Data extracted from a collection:

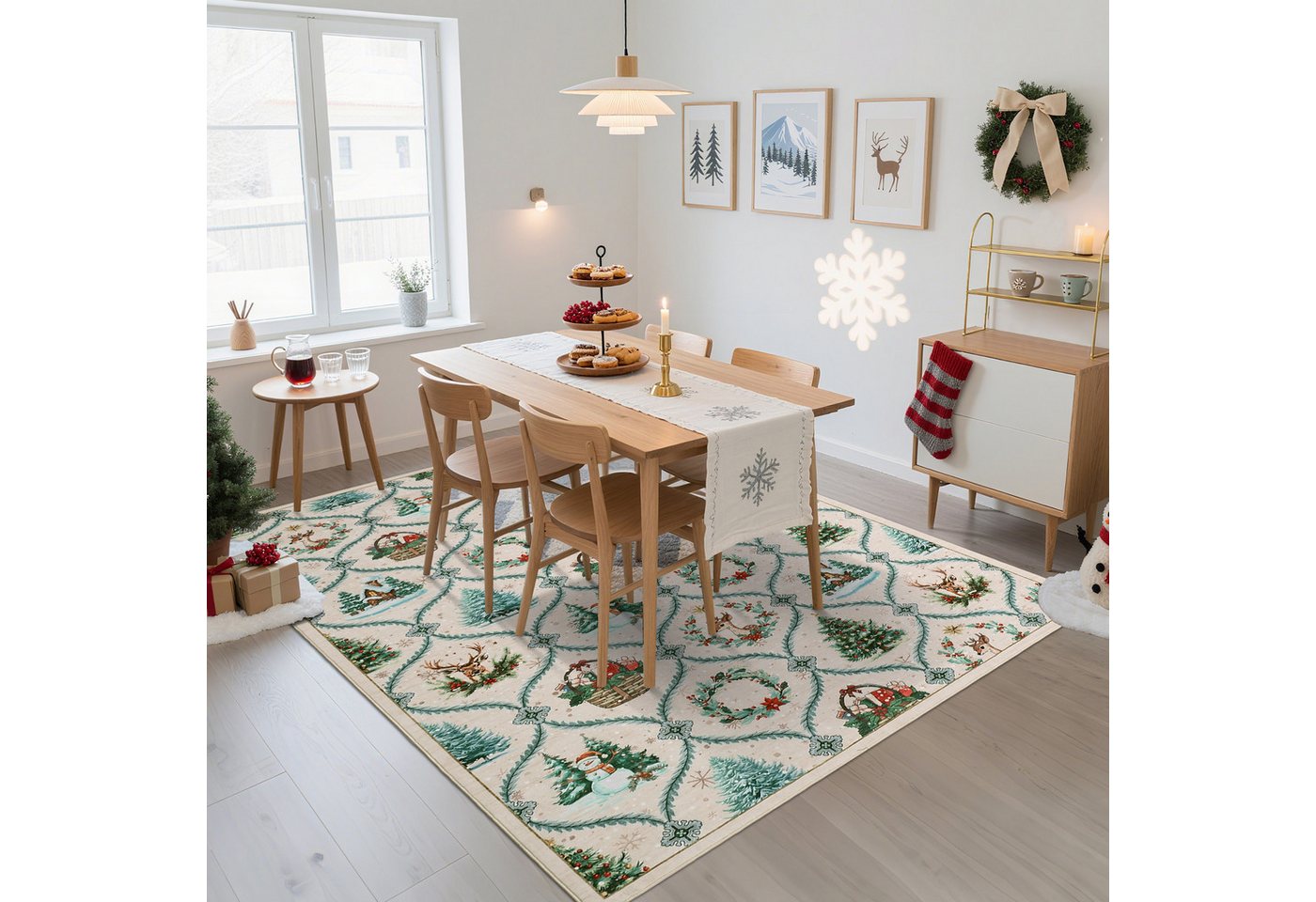 GarveeMore Teppich Weihnachtsteppich mit Schneemann &Tannenbaum– Festlicher Dekoteppich, rechteckig, Höhe: 5 mm Bild 4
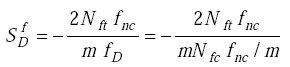 Equation F-16 NEW VERSION. Capital N subscript lowercase f lowercase c is equal to the quotient of the product of lowercase m multiplied by lowercase f subscript Capital D, divided by lowercase f subscript lowercase n lowercase c.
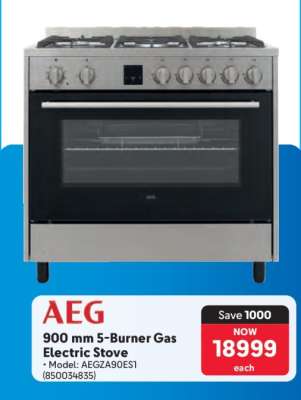 AEG 900 mm 5-Burner Gas Electric Stove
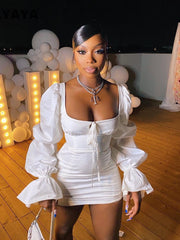 Load image into Gallery viewer, Lantern Sleeve Mini Dress
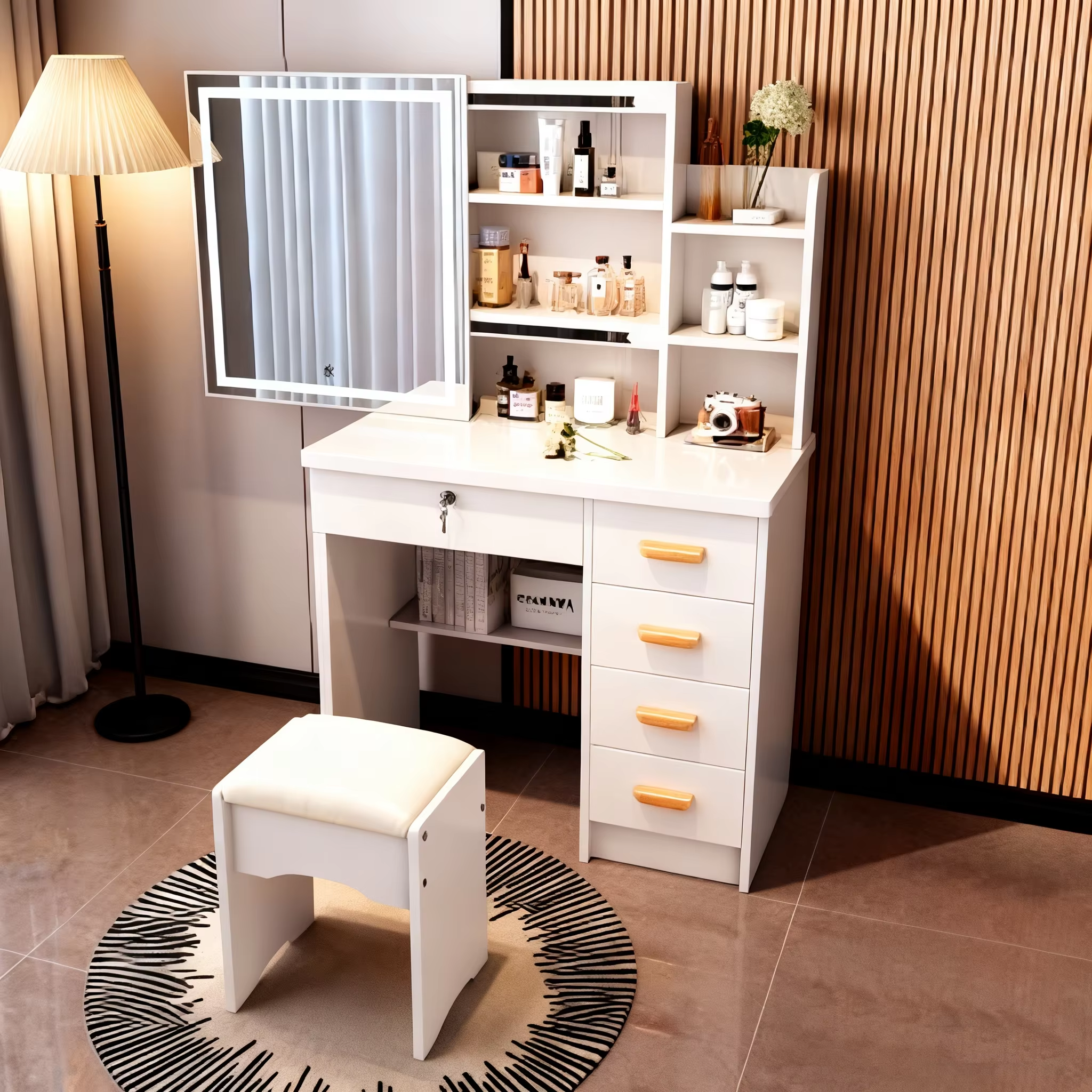 80# Gabinete derecho iluminado 198 blanco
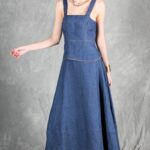 ALBANE fitted sleeveless top sewing pattern: front view of a blue denim top with square neckline and wide straps.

● **WHAT THIS TASK INVOLVES**: Transcribe exactly the lines from the one with "Load image into" to the last line of the records, both included, so that no picture appears in the copy.

● **ANSWER FOR THIS EXERCISE**:
 Load image into Gallery viewer, Lantern Sleeve Mini Dress
 80# Gabinete derecho iluminado 198 blanco
 ALBANE fitted sleeveless top sewing pattern: front view of a blue denim top with square neckline and wide straps.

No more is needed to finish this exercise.